E’ un bisogno ed una fame del cuore che lo conducono a rientrare in se stesso; niente più in quel paese lontano lo appaga. Ed è questa nostalgia della casa paterna che gli dona la forza di decidere di rialzarsi per far ritorno: “Mi alzerò, andrò da mio padre e gli dirò: Padre, ho peccato verso il Cielo e davanti a te; non sono più degno di essere chiamato tuo figlio. Trattami come uno dei tuoi salariati”.
Ma il padre, appena lo vide da lontano, ebbe compassione, gli corse incontro, gli si gettò al collo e lo baciò.
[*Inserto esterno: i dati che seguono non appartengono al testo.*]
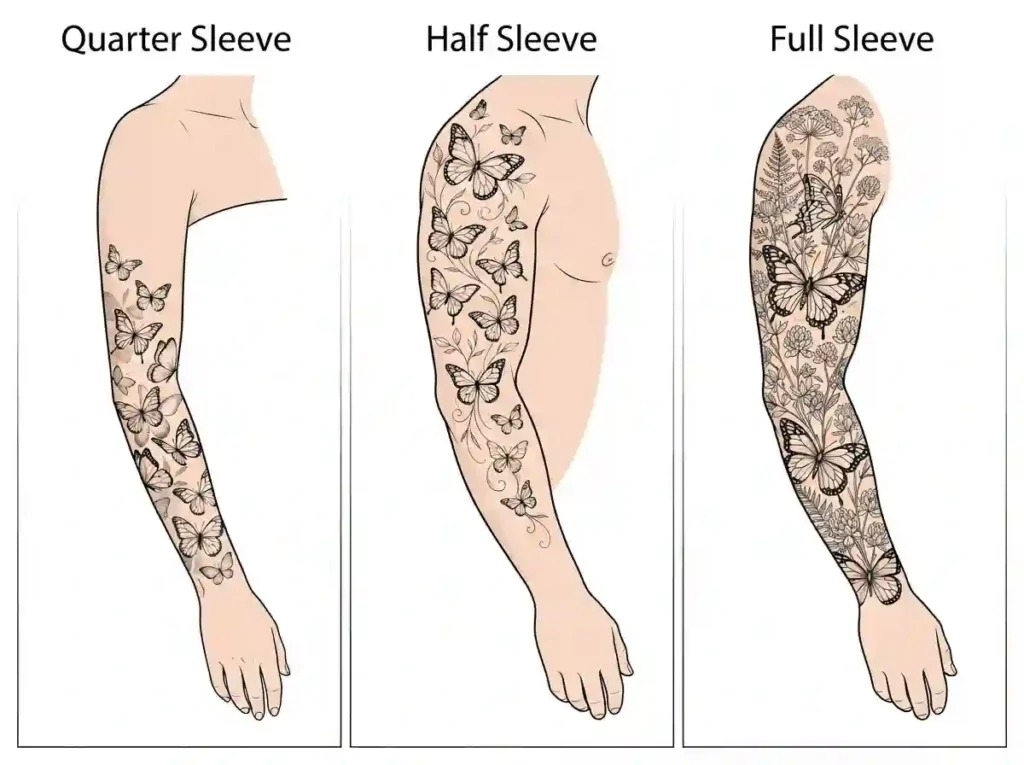 butterfly sleeve tattoo layouts for quarter half and full arm coverage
Il figlio incominciò a porgergli le sue scuse ma il padre lo fermò chiamando i servi per farlo rivestire nuovamente del vestito più bello, togliergli cioè di dosso gli stracci che quella vita dissoluta gli aveva messo addosso. Bisogna far festa e gioire perché quel figlio era morto ed è tornato a vita, era perduto ed è stato ritrovato.
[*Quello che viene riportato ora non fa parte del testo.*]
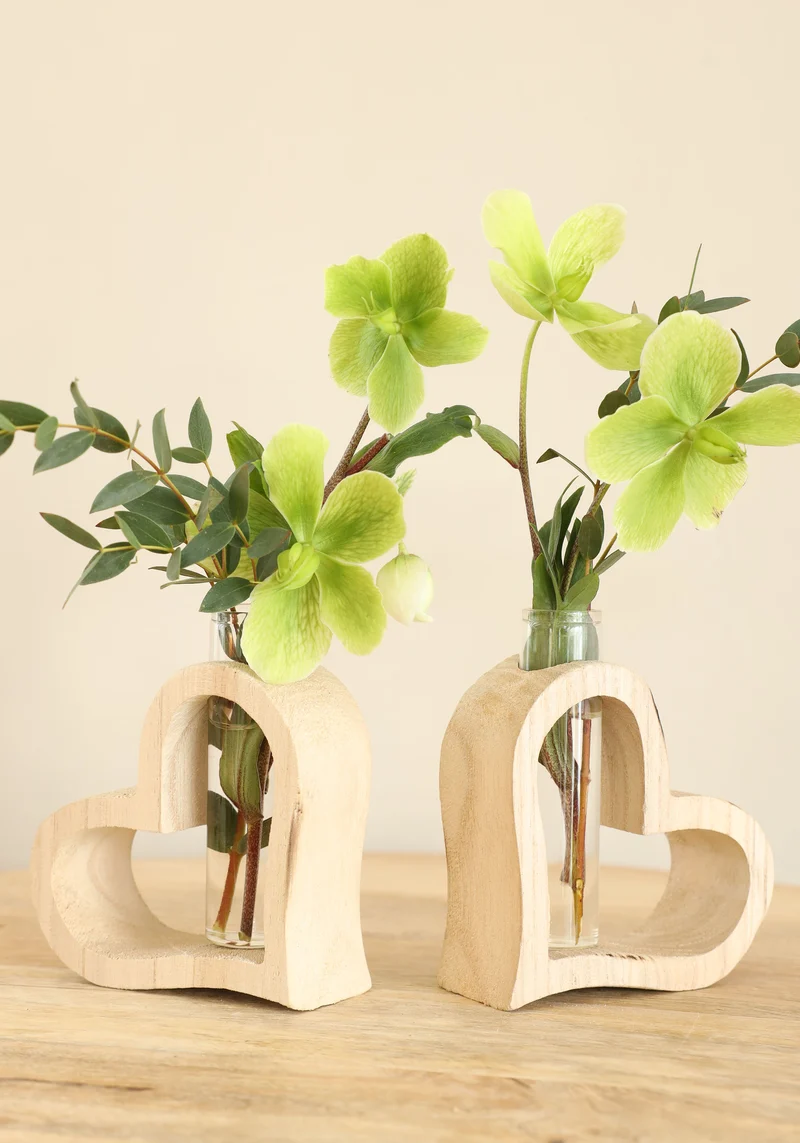 Holzherz mit Reagenzglas 10 x 5 h.11 cm (6 Stk.) [IFS-29638]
La festa del ritorno si celebra ogni volta che l’uomo, prendendo coscienza della sua lontananza dalla Verità, decide di rialzarsi per ritornare a vivere nell’amore di Dio. Il Sacramento della Riconciliazione è il luogo privilegiato dove si può sperimentare l’abbraccio misericordioso del Padre che appena vede da lontano il figlio che stava ritornando, ebbe compassione, gli corse incontro e lo baciò. Ogni volta che l’uomo ritorna all’amore di Dio è festa in cielo ed in terra perché nel Sacramento della Riconciliazione il sacerdote perdonando il peccato comunica quell’abbraccio misericordioso di Dio che gioisce e fa festa per quel figlio morto che è ritornato alla vita, era perduto ed è stato ritrovato.